Cambridge author wins coveted Royal Historical Society Whitfield Prize
Cambridge University Press author Ben Griffin has been named winner of the prestigious Royal Historical Society’s Whitfield Prize for his book, The Politics of Gender in Victorian Britain – Masculinity, Political Culture and the Struggle for Women’s Rights.
The announcement was made on July 10 at the Society’s annual reception in London. This is the fourth successive year the Whitfield Prize has been won by a Cambridge University Press author and the sixth occasion in the past ten years.
The Royal Historical Society was founded in 1868 and remains the foremost society in Great Britain promoting and defending the scholarly study of the past. It awards a number of prizes each year to recognize outstanding historical scholarship and achievement and offers the Whitfield prize for a new book on British or Irish history.
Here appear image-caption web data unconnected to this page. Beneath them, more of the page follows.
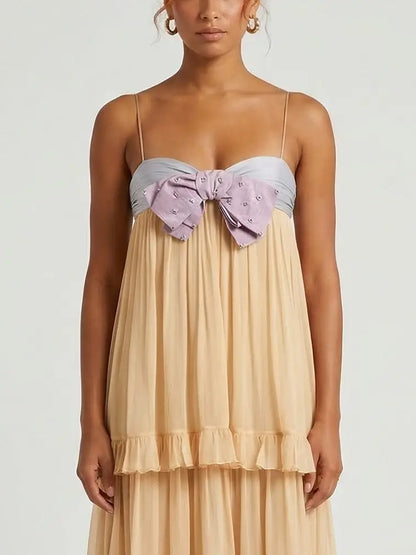 Tiered Chiffon Maxi Dress with Embellished Bow - Dresses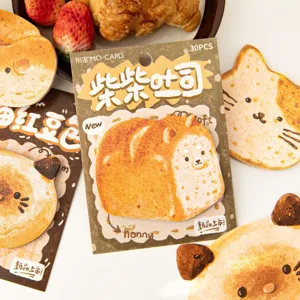 Set di foglietti adesivi a forma di pane Shiba Inu, memo pad cartone carino per scuola e ufficio.
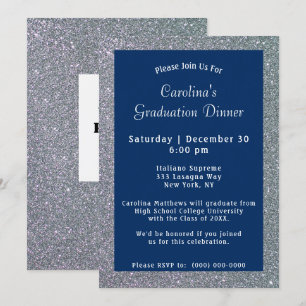 Invitación Graduación azul de la cena con espuma de plata
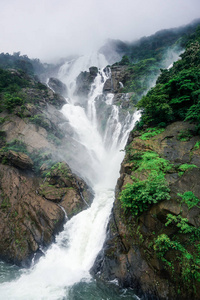 野生丛林中巨大的瀑布。 印度卡纳塔克邦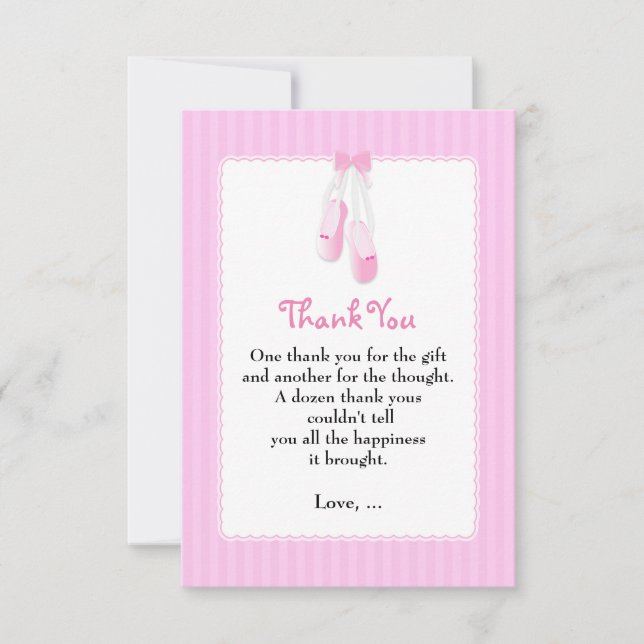 Tarjeta De Agradecimiento Ballerina Zapatillas Ballet rosa Gracias Cartas (Anverso)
To be eligible the book must have been published in the United Kingdom or the Republic of Ireland during the calendar year. It must also be its author's first solely written book and be an original and scholarly work of historical research.
This year’s judges said: ‘Ben Griffin’s beautifully clear and crystalline monograph makes an important contribution both to Victorian political history and to gender studies. He argues that the fortunes of the women’s movement in parliament can only properly be understood by considering the notions of masculinity articulated by the legislators themselves. By showing the degree to which individual allegiances often shifted, he shows the inappropriateness of simplistic pro-suffrage/anti-suffrage, pro-feminist/anti-feminist categories. The book combines statistical data with some wonderfully executed individual vignettes revealing some very curious species of anxious masculinities. It moves deftly between politics, gender studies, social history, and the history of the law.’